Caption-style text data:
=== Begin Enclosure ===

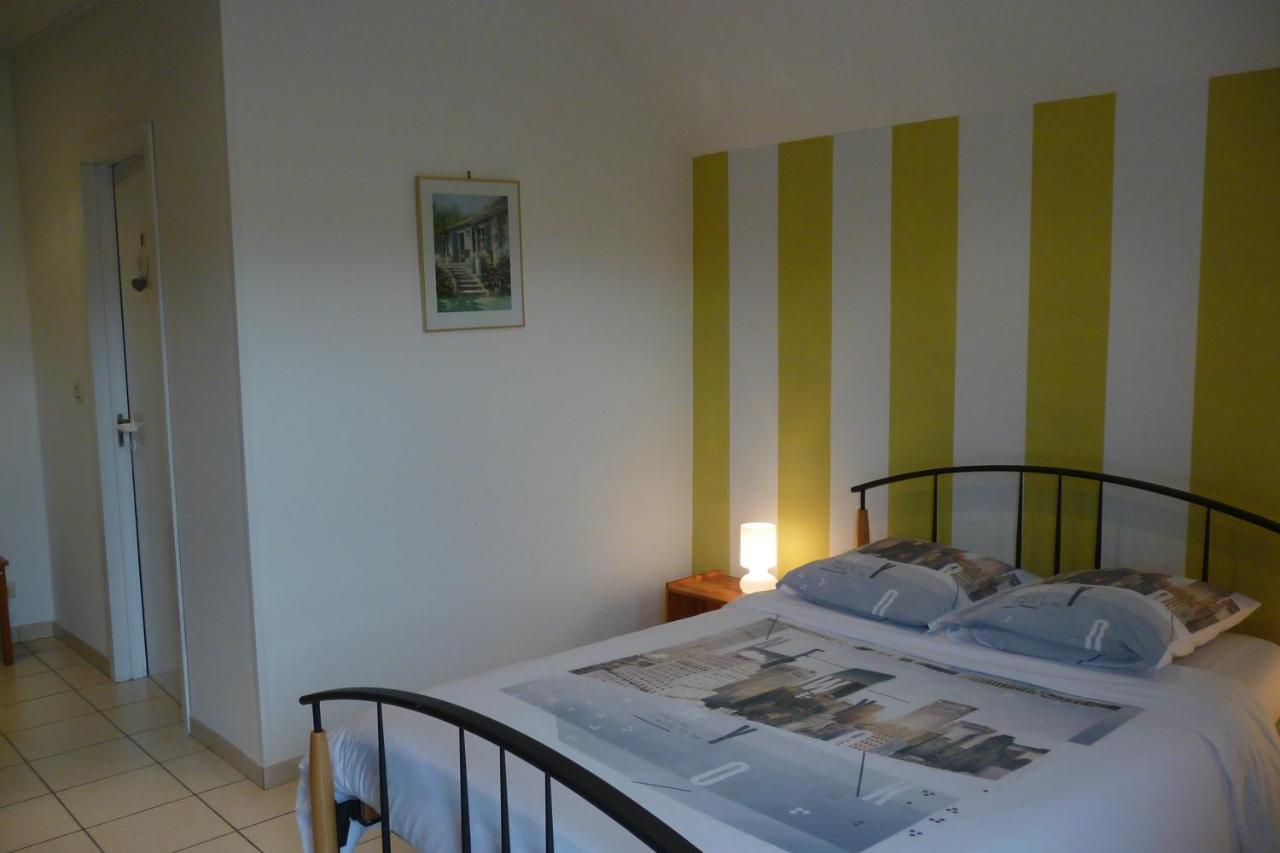 Bed and Breakfast Au Rond Chene Biron Exterior foto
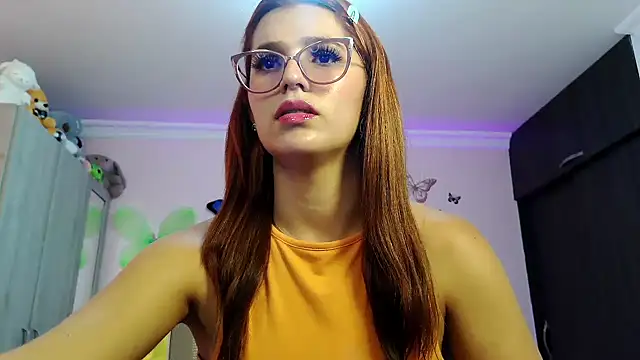 Snapshot of caroline_jonson chatting on September 11, 2:28 pm caroline jonson online show from September 11, 2:28 pm
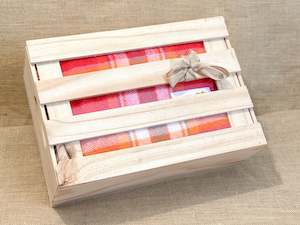 Gift Boxes: GIFT BOX - Wooden Lidded Crate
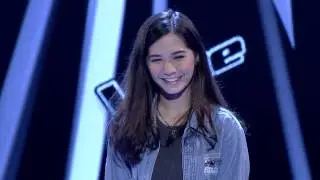 The Voice Thailand - วี วิโอเลต - Leaving On A Jet Plane - 29 Sep 2013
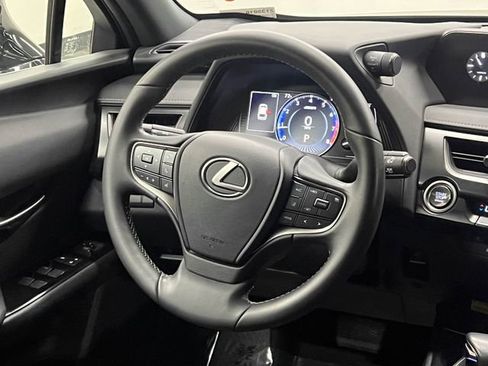 Used 2022 Lexus UX 200 w/ Accessory Package (Z2) image 15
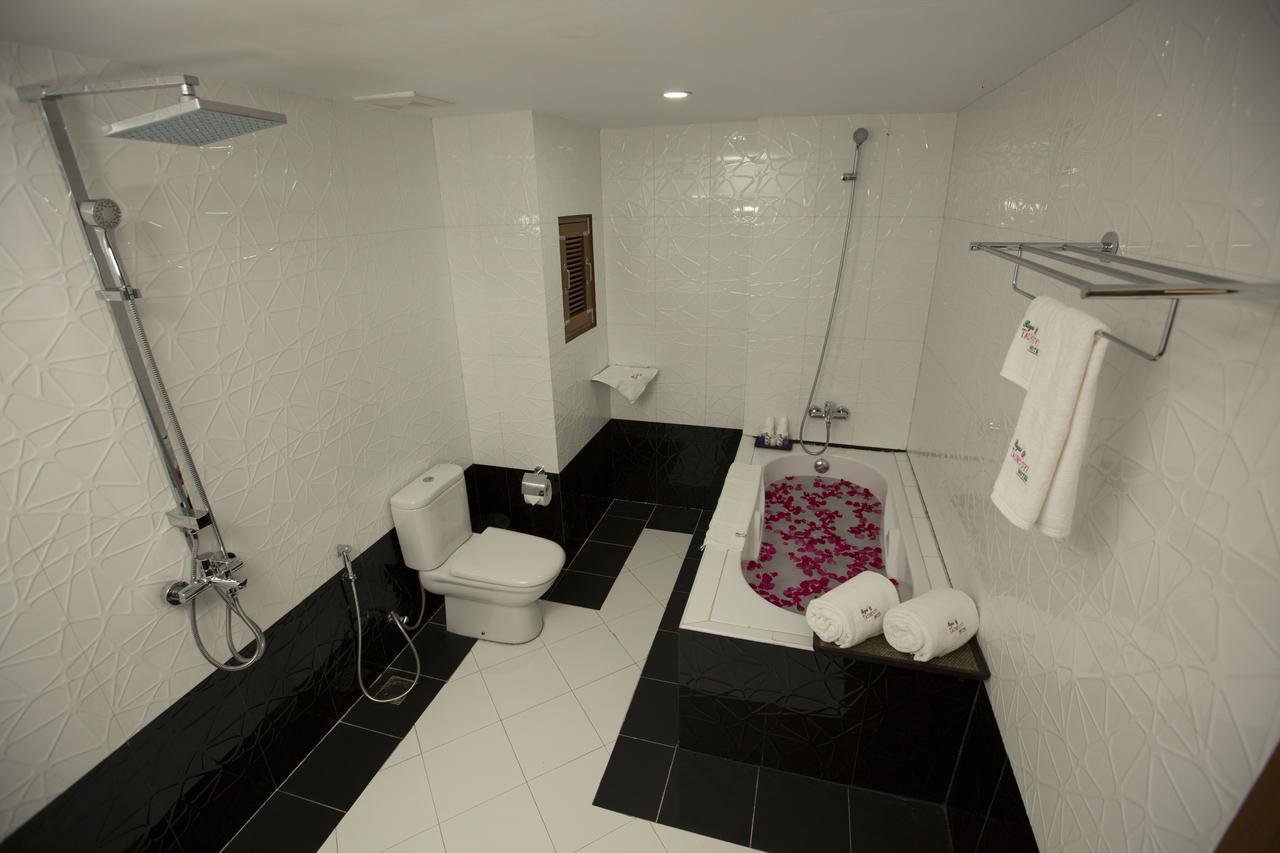 Royal Taunggyi Hotel Luaran gambar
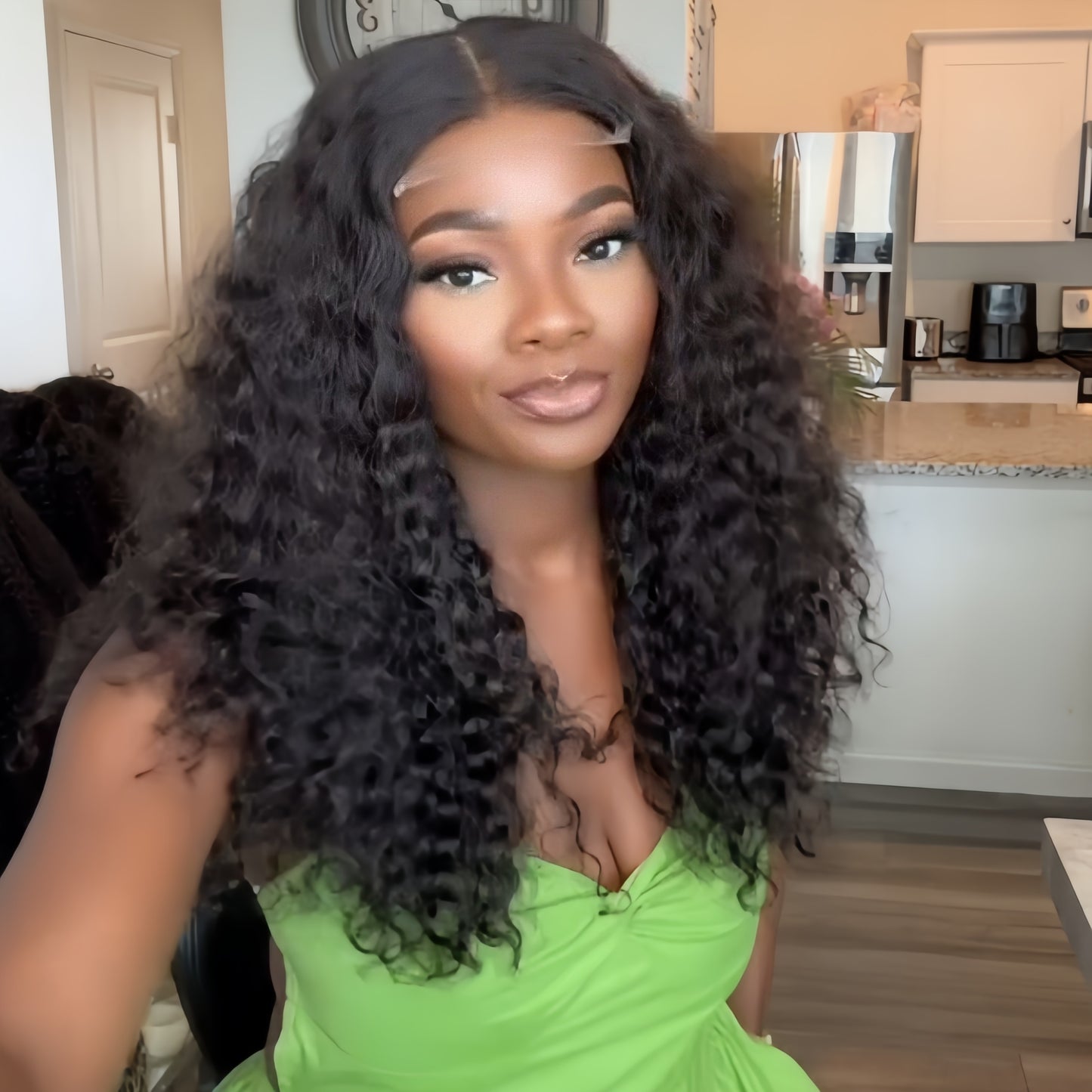 Put On & Go Voluminous Curls bob Lace Wig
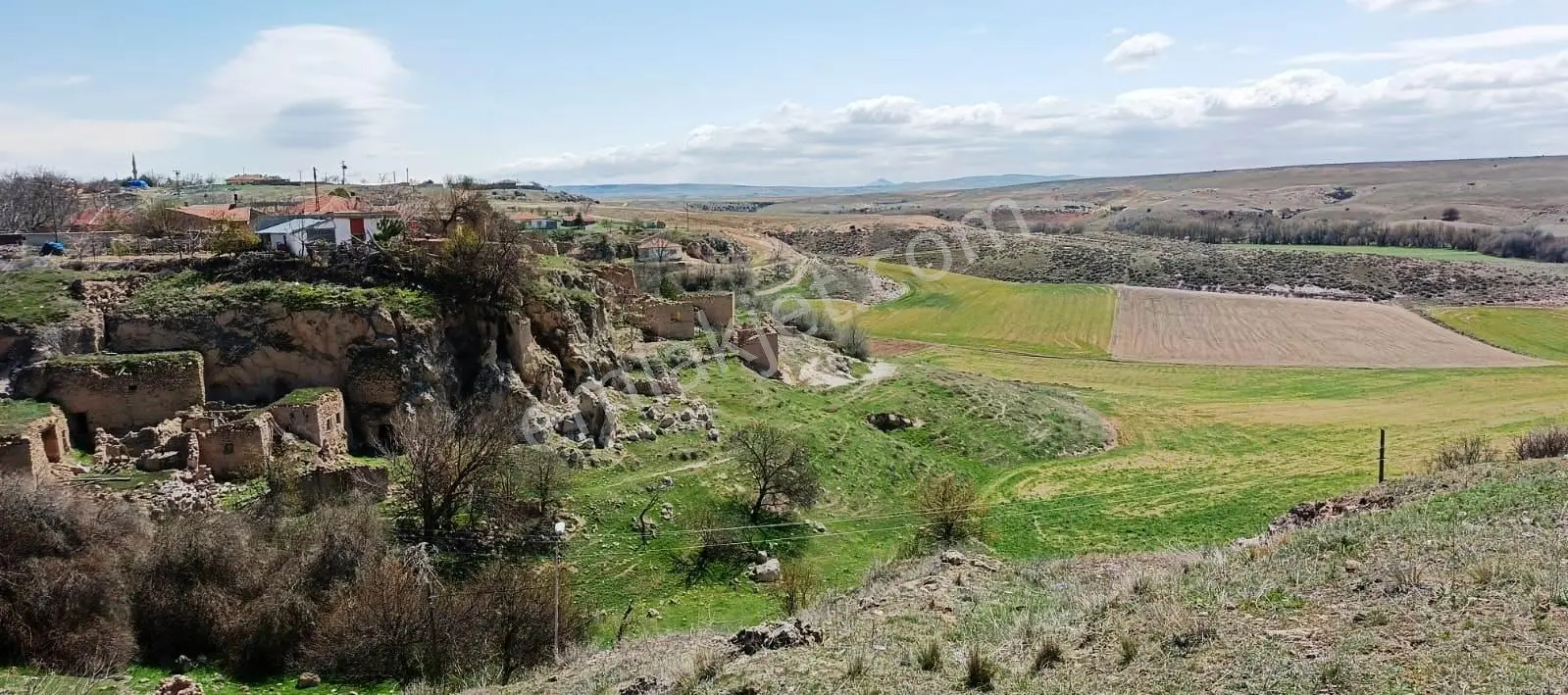 Mucur Asmakaradam Köyünde Müthiş Satılık Arsa - Görsel 18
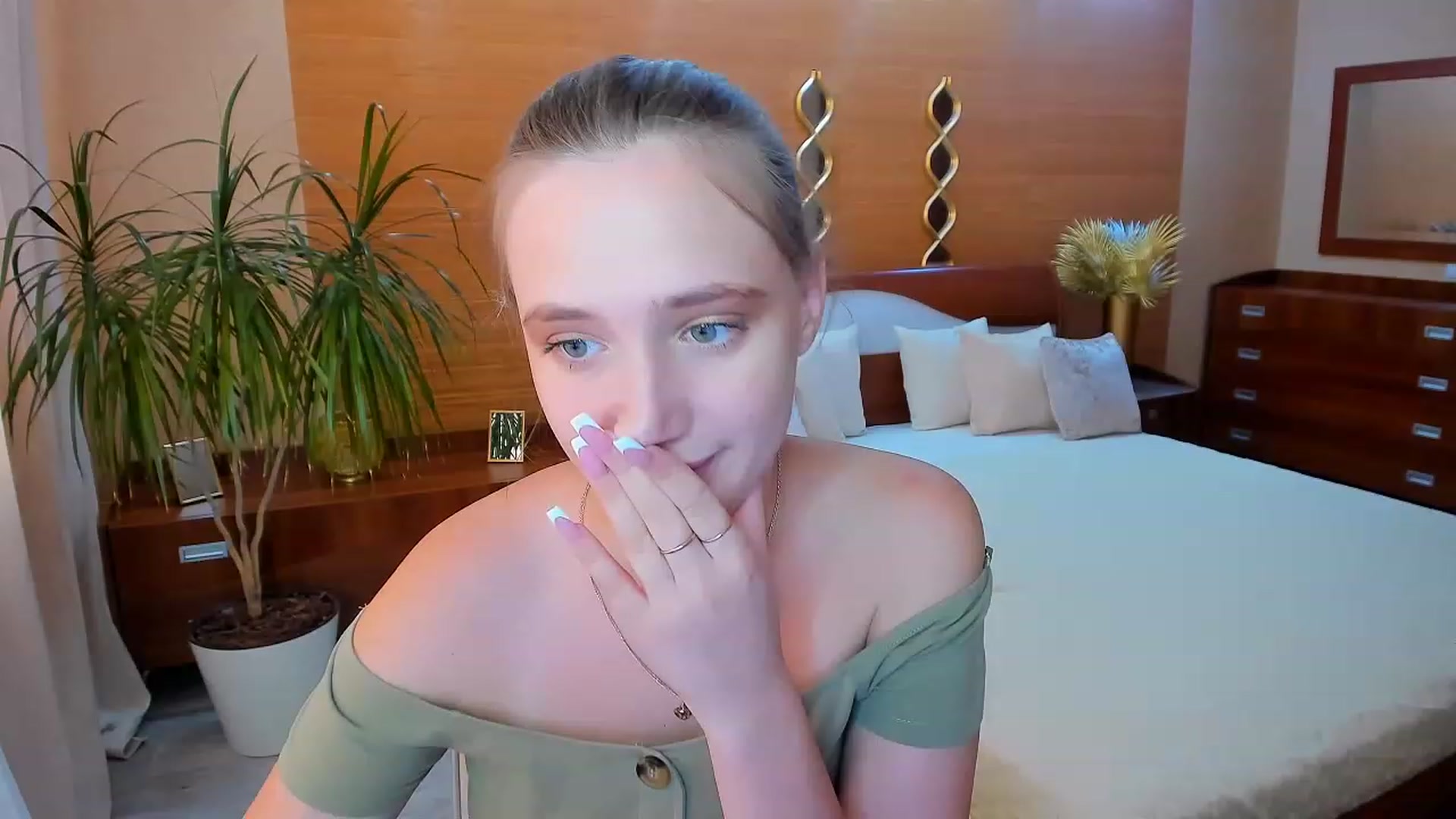 Gallery image thumbnail from WittyBunnyy's myfreecams stream on, 06/20/2023, 08:35 image 13 of 20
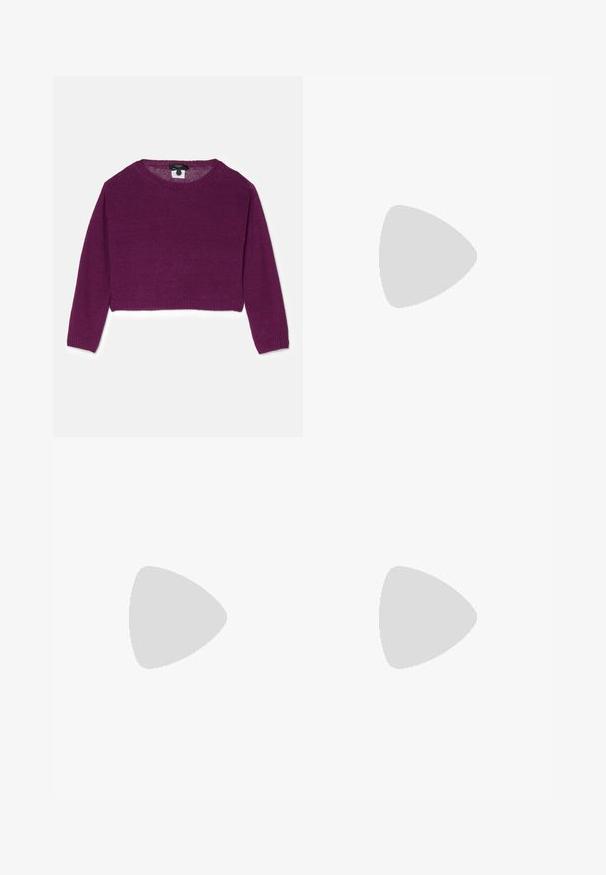 WEEKEND MaxMara NERINA - Trui - viola; Bruine, knielange satijnen rok met een vloeiende silhouet. Het heeft een gladde textuur en een hoge tailleontwerp, gecombineerd met zwarte hakken.; Bruine leren sandalen met twee verstelbare gespen, kurken voetbed en gestructureerde rubberen zool, gedragen op blote voeten op een betonnen vloer.; Bruine handtas van leer met krokodilstructuur, met een gebogen, gestructureerde vorm en een gouden knoopaccent. Verstelbare schouderband en gladde textuur.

=== End Enclosure ===

_WHAT TO DO:_
Return all the data exactly, pictures omitted.

_ANSWER:_
 Bed and Breakfast Au Rond Chene Biron Exterior foto
 Snapshot of caroline_jonson chatting on September 11, 2:28 pm caroline jonson online show from September 11, 2:28 pm
 Gift Boxes: GIFT BOX - Wooden Lidded Crate
 The Voice Thailand - วี วิโอเลต - Leaving On A Jet Plane - 29 Sep 2013
 Used 2022 Lexus UX 200 w/ Accessory Package (Z2) image 15
 Royal Taunggyi Hotel Luaran gambar
 Put On & Go Voluminous Curls bob Lace Wig
 Mucur Asmakaradam Köyünde Müthiş Satılık Arsa - Görsel 18
 Gallery image thumbnail from WittyBunnyy's myfreecams stream on, 06/20/2023, 08:35 image 13 of 20
 WEEKEND MaxMara NERINA - Trui - viola; Bruine, knielange satijnen rok met een vloeiende silhouet. Het heeft een gladde textuur en een hoge tailleontwerp, gecombineerd met zwarte hakken.; Bruine leren sandalen met twee verstelbare gespen, kurken voetbed en gestructureerde rubberen zool, gedragen op blote voeten op een betonnen vloer.; Bruine handtas van leer met krokodilstructuur, met een gebogen, gestructureerde vorm en een gouden knoopaccent. Verstelbare schouderband en gladde textuur.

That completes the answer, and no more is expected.